But can this be called friendship in any real sense? Do real people not need to express themselves in more words than a status update allows? Do real friends not go further than to write ‘love you babe xox’ on someone’s ‘wall’?

In the UK, a charity worker from Brighton tried to share her suffering with serious depression and mental illness on facebook. Feeling utterly alone on Christmas Day 2010, Simone Back announced on facebook that she was going to overdoes on pills and commit suicide. A few ‘friends’ cared to comment on this status. One called her a liar. Another ‘friend’ simply said that it was her choice. Of her 1082 ‘friends’ on facebook not one went round to her house to help her. Not one called the police or an ambulance. Not one tried to call Ms Back and offer any support. Could any of these facebook friends have saved her life? We’ll never know because she did overdoes and died. I can only be reminded of King Solomon’s wisdom when we wrote in the book of Ecclesiastics, ‘two are better than one; because they have a good reward for their labour. For if they fall, the one will lift up his fellow: but woe to him that is alone when he falleth; for he hath not another to help him up.’

My conclusion has to be that facebook friends are not real friends. Of course you may meet people on facebook who become real friends but a facebook relationship is not, in itself, enough. The majority of communication is not verbal or written, it needs to be seen and experienced in real life. Typing ‘LOL’ is only a sad masquerade of sharing laughter with a friend. Typing ‘xox’ is a mere mockery of that most beautiful of human contact, hugs and kisses. Sometimes, the most important thing a friend can ever do for you is not to speak but simply to come over and be there for you. It requires virtually no effort to communicate with someone on facebook, their wall is open to you at all points of the day and night. To make time for someone in our busy schedules, to plan your day around meeting with someone places great value on that friendship.

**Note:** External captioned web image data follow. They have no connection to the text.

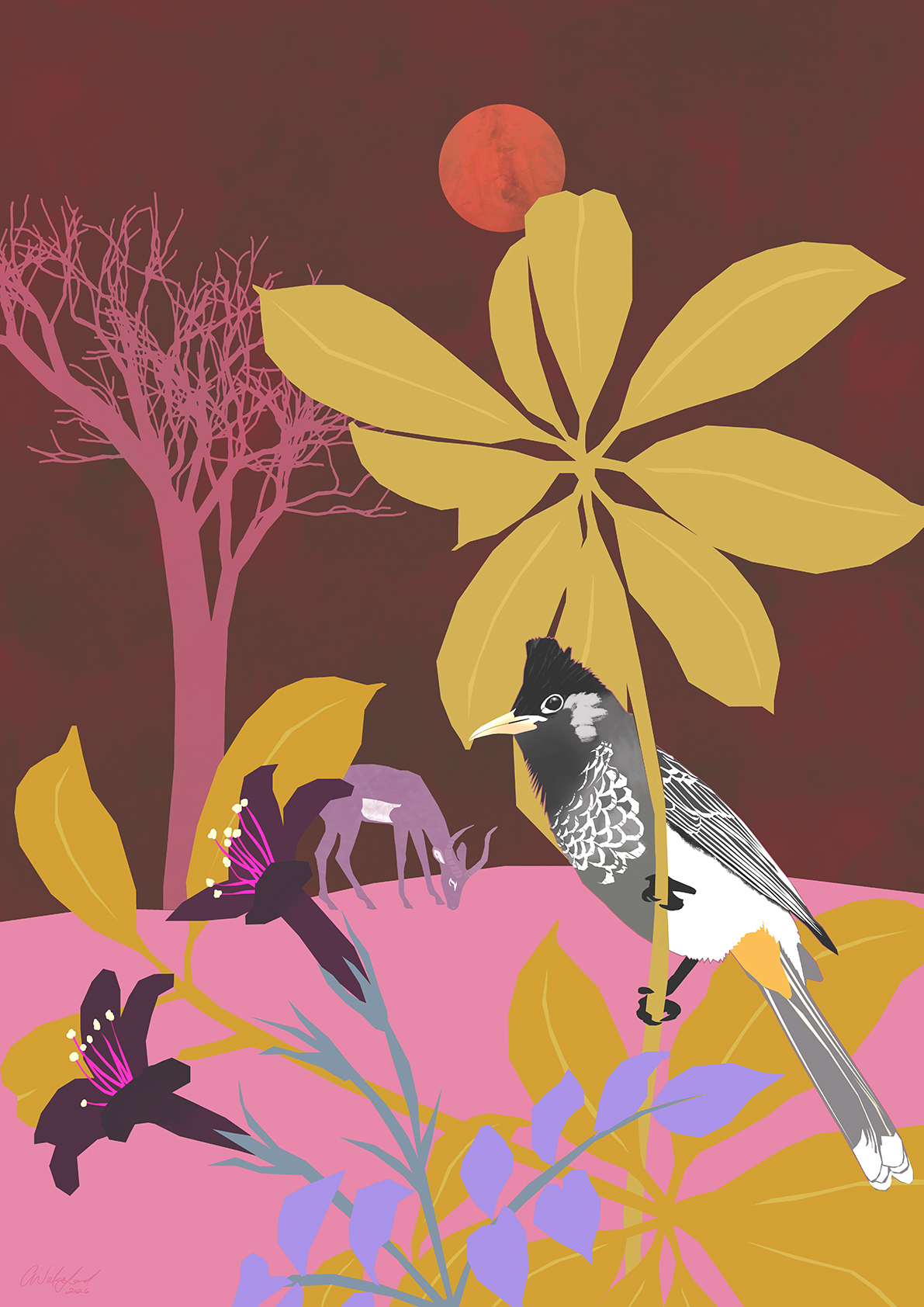 Call to the Supermoon / Contemporary Abstract Nature Bird Art Print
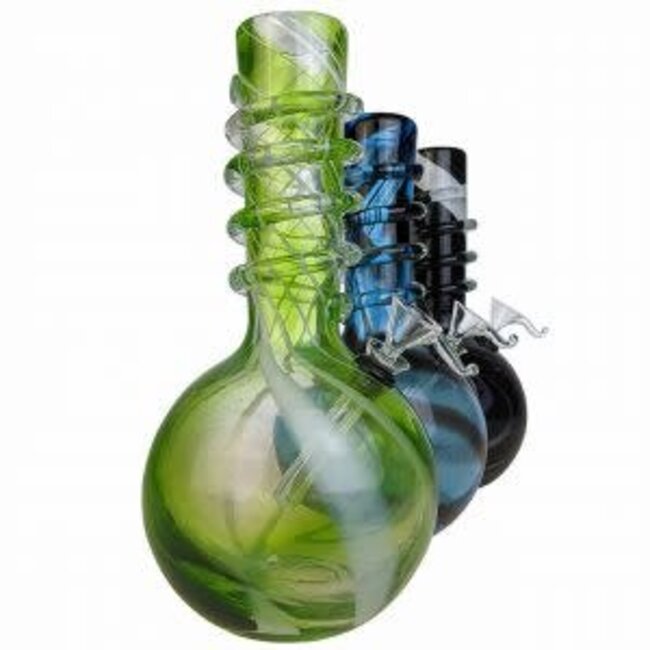 SOFT GLASS 10'' BIG BALL BASE TWIST GRIP GLASS BONG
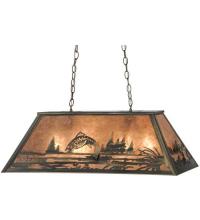 Meyda Black 15680 - 33" Long Leaping Trout Oblong Pendant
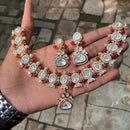 Amoliya Jewels Classic Polki Kundan Stone Necklace Set For Women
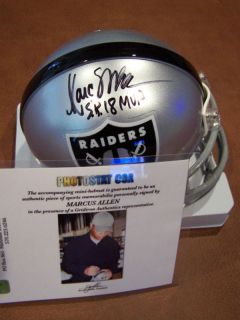 Raiders Marcus Allen Signed Auto Mini Helmet SB 18 MVP Gridiron
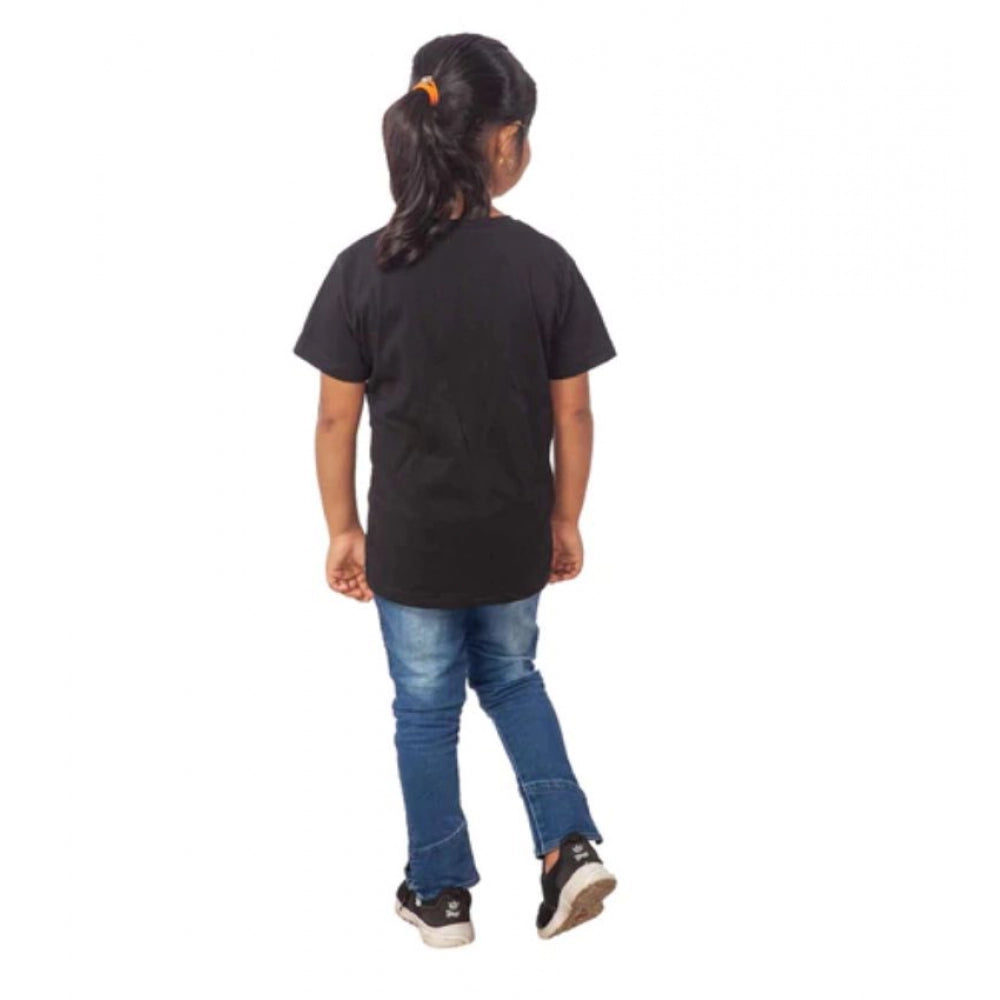 HamariDookan Girls Cotton Princess Half Sleeve TShirt (Black)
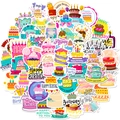 50-piece colorful Happy Birthday sticker set with cake and balloon designs - Birthday Cake (50PCS)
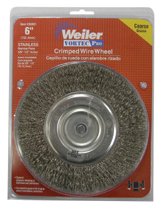 Crimped Wire Wheel, 6" D, .014 Stainless Steel, 6,000 RPM, Retail Pk 804-36001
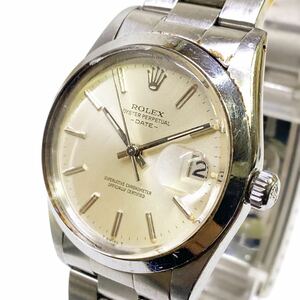 ♪ 稼動品 ROLEX ロレックス OYSTER PERPETUAL オイスターパーペチュアルデイト Ref.1500 シルバーダイヤル 純正オイスターブレス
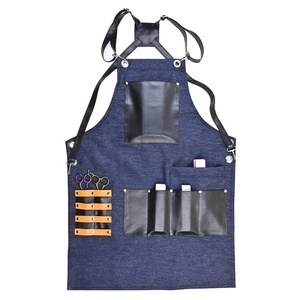 Delantal de peluquería de cuero con bolsillos para herramientas, capa de barbero duradera para hombres - Product Image 2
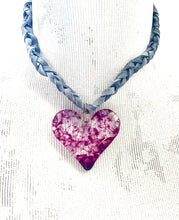 Glass Heart Necklace on Braided Leather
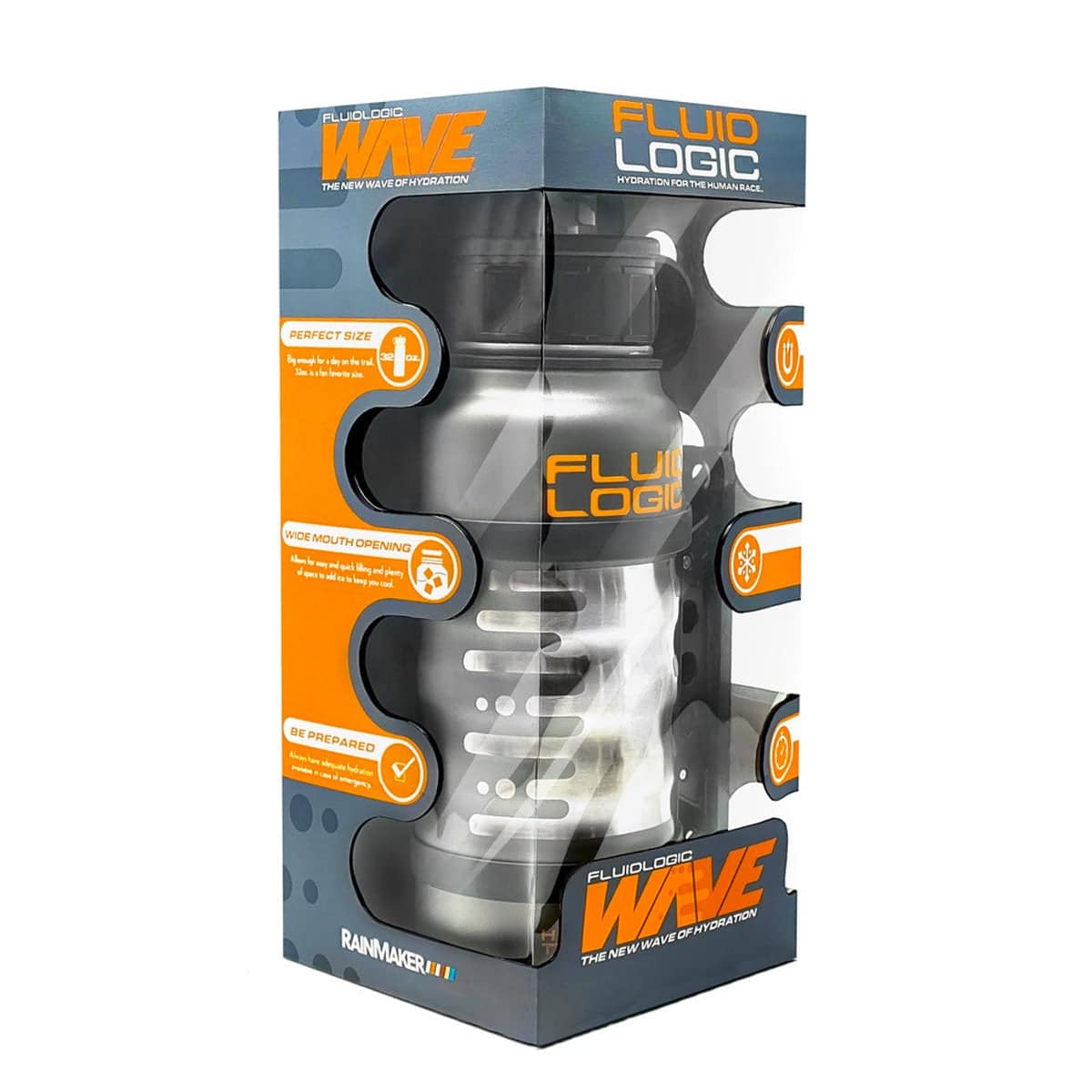 FluidLogic Wave Water Bottle - Leak-Proof & BPA-Free Hydration for Gym, Hiking & Travel - Reusable Sports Bottle with Straw Lid for Active Lifestyles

The great Roman statesman Cicero once said that nature has no love of solitude. We all need support and the sweetest support of all is found within the walls of an intimate friendship. Shakespeare said that we must grab onto these friendships with both hands and never let go, ‘Those friends thou hast, and their adoption tried, Grapple them to thy soul with hoops of steel.’ Friendships like that are impossible to capture within the digital confines of facebook. The true joys and beauty of life can never be shared via a facebook friendship nor can the bitter valleys be passed through together. By all means, keep your facebook friends for the fun and banter they provide but do not be fooled into thinking this virtual paradoy can simulate the real thing. Do not neglect your real friendships because they are more difficult to maintain. The words of Aristotle are timeless and ever so tragic when applied to Ms Back, ‘Without friends no one would choose to live, though he had all other goods.’